Hi, I have a client who is asking for some generated product keys. This is not an issue and have created 25,000 unique keys for him so far. Now though, he is asking for more and I'm not sure how many more I can uniquely create. My keys are in the format of: XXXX-XXXX-XXXX-XXXX-XXXX Code (markup): With each 4 character section containing A-Z0-9 (only uppercase). Is there an equation I can do to work out how many codes I can create with out having to keep inserting into a DB table until it starts throwing errors?
NickW2 is theoretically right, but from a practical standpoint, you're going to want to avoid ones like: YOUR-MOMS-ABIG-DUMB-SLUT Or maybe not.

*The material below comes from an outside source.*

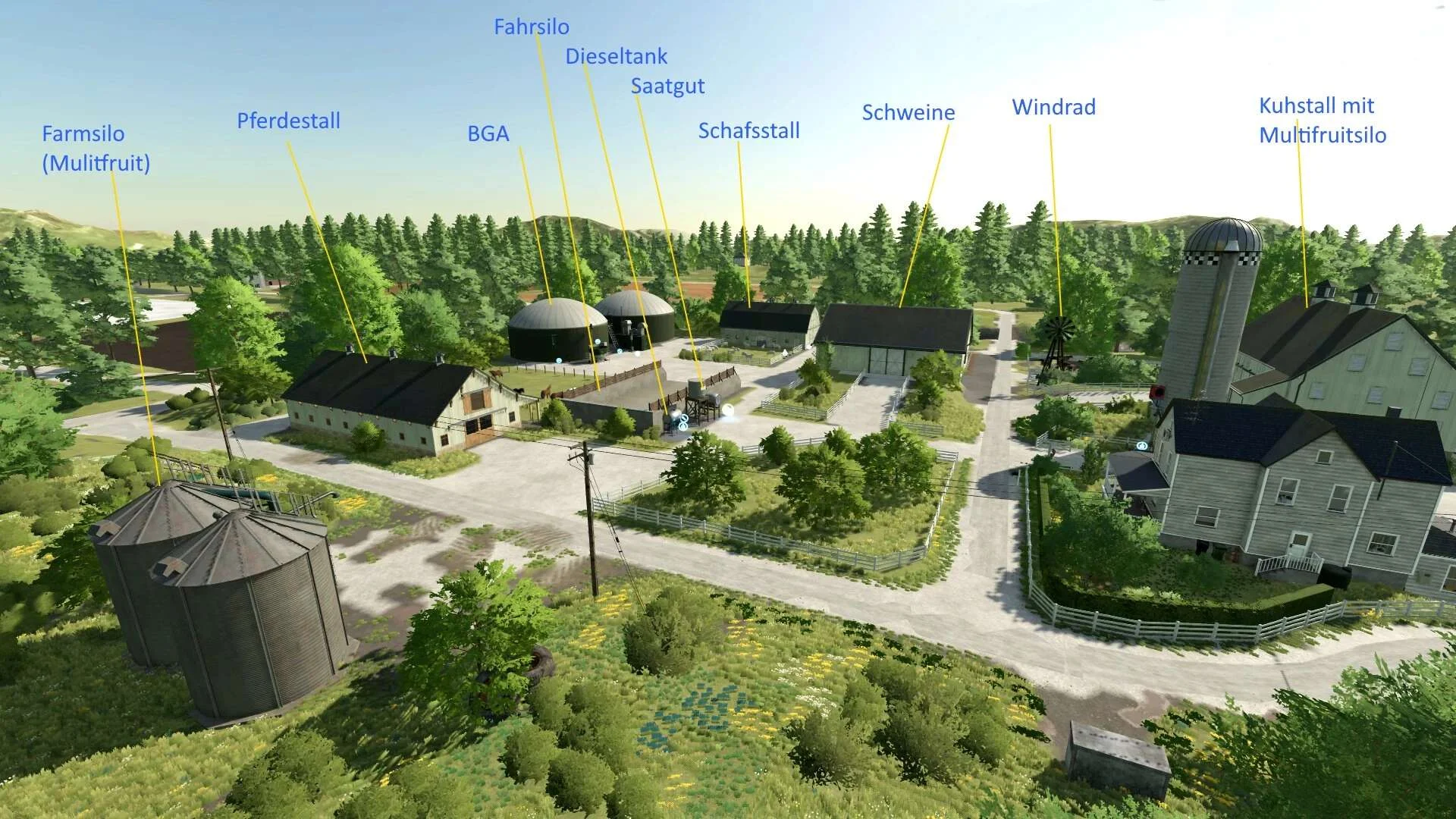 White Farm Building Pack v1.0 FS22 FS22 Mod Free Download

Putting the "YOUR-MOMS-ABIG-DUMB-SLUT" key aside, the problem with what you're suggesting, is that you would need to create keys incrementally or with some logic if you don't want to check to see if the key exists. This isn't a good way of doing it unless you can develop a very complex and non-reversible key generator. The last thing you want is keys that can be guessed. Key collisions and incremented keys cause a lot of problems for licensing when someone figures out how to create a valid key for a product.

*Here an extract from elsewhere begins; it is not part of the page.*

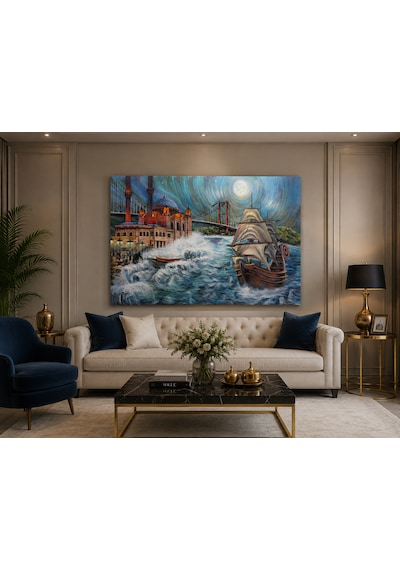 İstanbul Boğazı Ve Ortaköy Camii El Yapımı Akrilik Tablo 98x100 Cm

With that many possible combinations, the chance of randomly generating the same key twice even if you're doing millions of keys is infinitesimal. You'd have more chance of winning the lottery several times in a row then producing the same key twice. Completely random keys is the best way of doing it. I wouldn't bother checking for duplicates until you're in the range of generating trillions of keys (literally). There's more possible keys there than the number of grains of sand on Earth multiplied by 100 billion.
But if you don't check a database for duplicate keys and actually run fraud checks on your licenses then you run the chance of having flawed system. And if you system is flawed then the keys are only a scare tactic for consumers. Processing a check on a code takes only a few lines of code and would not be a bother at all for anyone that knows programming to implement I would suggest checking and having a database if you wish to go to the trouble of having a key at all.

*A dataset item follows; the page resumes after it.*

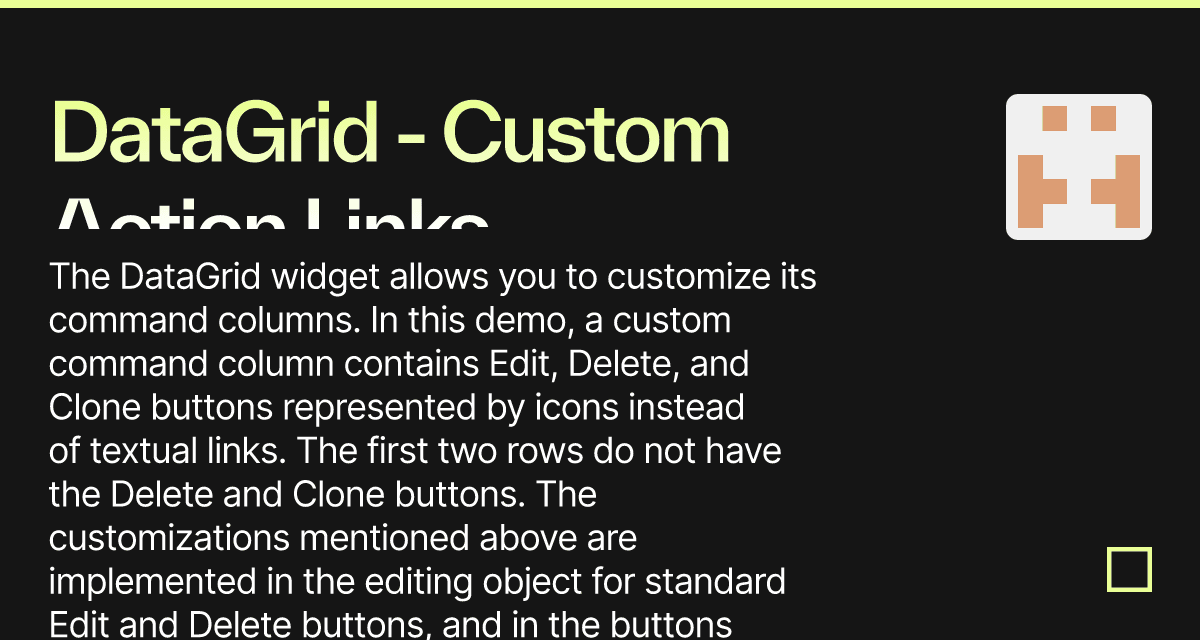 DataGrid - Custom Action Links - Codesandbox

No, I agree, checking the keys in a database wouldn't be an issue at all given the (relatively small) number of keys you're likely to be generating. There is literally no point though. And I'm of course talking purely about the generation of keys, not checking the keys are authorised and only being used once etc. There'd be no point generating product keys if you weren't putting them in a database to verify the legitimacy of a customer's key.
A-Z = 26 character 0-9 = 10 characters Key lenght = 20 characters You can uniquely create 36^20 keys which is good enough to serve your client till his death Not sure what you meant by that.